JORD ENGINEERS INDIA LTD VS VALIA AND CO. (D) THR. LRS
JORD ENGINEERS INDIA LTD VS VALIA AND CO. (D) THR. LRS
Landmark Cases of India / सुप्रीम कोर्ट के ऐतिहासिक फैसले
IN THE SUPREME COURT OF INDIA
CIVIL APPELLATE JURISDICTION
CIVIL APPEAL NO. 7281 OF 2018
JORD ENGINEERS INDIA LTD. ….. APPELLANT(S)
THROUGH ITS SIGNATORY
VALIA AND CO. (D) THR. LRS ….. RESPONDENT(S)
Dinesh Maheshwari, J.
Having heard learned counsel for the parties and having perused
the material placed on record, we are clearly of the view that the
impugned order dated 09.07.2018 passed by the National Company Law
Appellate Tribunal, New Delhi (‘the Appellate Tribunal’) in Company
Appeal (AT) (Insolvency) No. 158 of 2017 cannot be sustained, for the
appellant having been deprived of a reasonable opportunity of hearing
and the order having been passed in its absence after remand by this
The matter relates to an application under Section 9 of the
Insolvency and Bankruptcy Code, 2016 filed by the respondent, said to
be an operational creditor, alleging default in payment of a sum of Rs.
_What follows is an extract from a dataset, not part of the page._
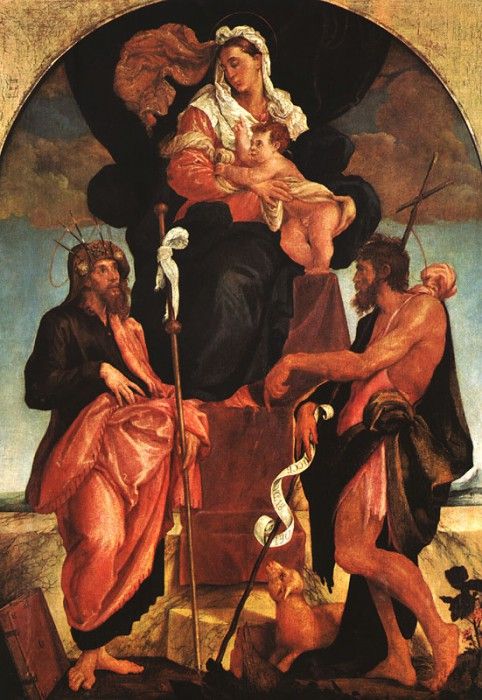 Bassano,J. Altarpiece, 1545-50, originally painted for the C. ,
4.72 crores against the goods supplied in the year 2012. The application
was admitted by the National Company Law Tribunal, Mumbai Bench
(‘the Tribunal’) by its order dated 31.07.2017. However, the said order
was set aside by the Appellate Tribunal on 13.10.2017, essentially on the
ground that the demand notice was served by an advocate holding no
position with or in relation to the operational creditor.
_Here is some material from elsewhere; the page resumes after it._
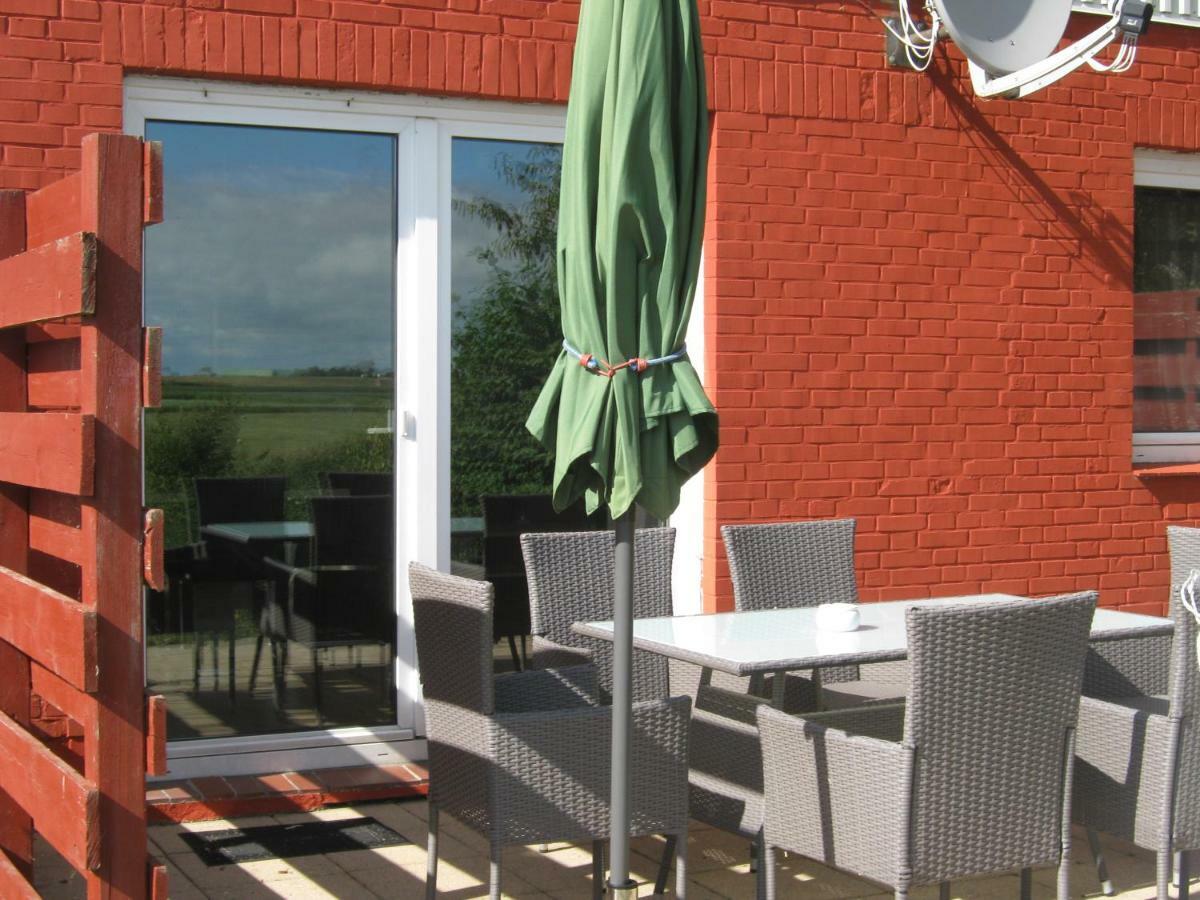 Ferien Auf Der Soennenswarf Apartment Ockholm Bagian luar foto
The respondent-operational creditor questioned the said order by
way of a petition for special leave to appeal in this Court, being SLP(C)
No. 8145 of 2018. In the petition so filed by the operational creditor, a
Division Bench of this Court, in its order dated 02.04.2018, considered it
proper to remand the matter to the Appellate Tribunal in view of the
decision in the case of Macquarie Bank Limited v. Shilpi Cable
Technologies Limited: (2018) 2 SCC 674, wherein it was held that a
notice on behalf of the operational creditor by a lawyer would be in
order. However, fact of the matter remains that the said order dated
02.04.2018 was passed without notice to the other side; and it was also
provided therein that the respondent would be at liberty to move the
Court, if aggrieved. It was further enjoined upon the petitioner before
this Court i.e., the operational creditor, to put the respondent to notice
of the order and to file proof thereof before the Appellate Tribunal.
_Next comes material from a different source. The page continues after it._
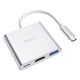 thumbnail image 2 of Adaptador Hoco Tipo C A Hdmi - Usb 3.0 - Pd Hb14 azul, 2 of 4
As per observations of the Appellate Tribunal in opening
paragraph of the impugned order, the registry was directed to serve
notice on the parties and in response thereof, respondent of the appeal
appeared but nobody appeared on behalf of the appellant. Fresh notice
was issued on which, the Appellate Tribunal received postal
endorsement to the effect that the appellant had ‘left’ the given address.
Thus, notice could not be delivered to the appellant.
However, the Appellate Tribunal chose to examine the matter with
reference to the said decision in Macquarie Bank Limited and held that
the petition filed by the operational creditor was within limitation.
Several grounds are urged in challenge to the order aforesaid but
the fundamental factor remains that the appellant was not present
before the Appellate Tribunal; and it is difficult to impute knowledge in
the appellant about the order passed by this Court on 02.04.2018
without notice and then, about revival of the proceedings before the
The appellant has attempted to put forward several contentions
on merits, including the one that it was a case of pre-existing dispute.
We are not commenting on the merits of the case either way but, so far
as initiation of corporate insolvency resolution process at the instance
of respondent-operational creditor is concerned, the relevant facts and
factors, including the question of pre-existing dispute, deserve due and
adequate consideration by the Appellate Tribunal.
In view of the above, it appears just and proper that while setting
aside the impugned order dated 09.07.2018, the matter be again restored
to the file of the Appellate Tribunal for decision afresh and on merits.
Before closing this matter, we also deem it appropriate to
observe that in this appeal, this Court, by the order dated 06.08.2018,
had stayed the proceedings before the Tribunal but then, by another
order dated 16.04.2019, it was made clear that the said stay order would
not stand in the way of other creditors in proceeding in accordance with
law, subject to the objections.
In continuity with the orders aforesaid, it is provided that further
proceedings before the Tribunal shall remain stayed until final decision
of appeal by the Appellate Tribunal but, neither pendency of the said
appeal nor any observations made in these proceedings shall be of any
effect on other proceedings, if taken up by other creditors, financial or
operational, which may be dealt with on their own merits.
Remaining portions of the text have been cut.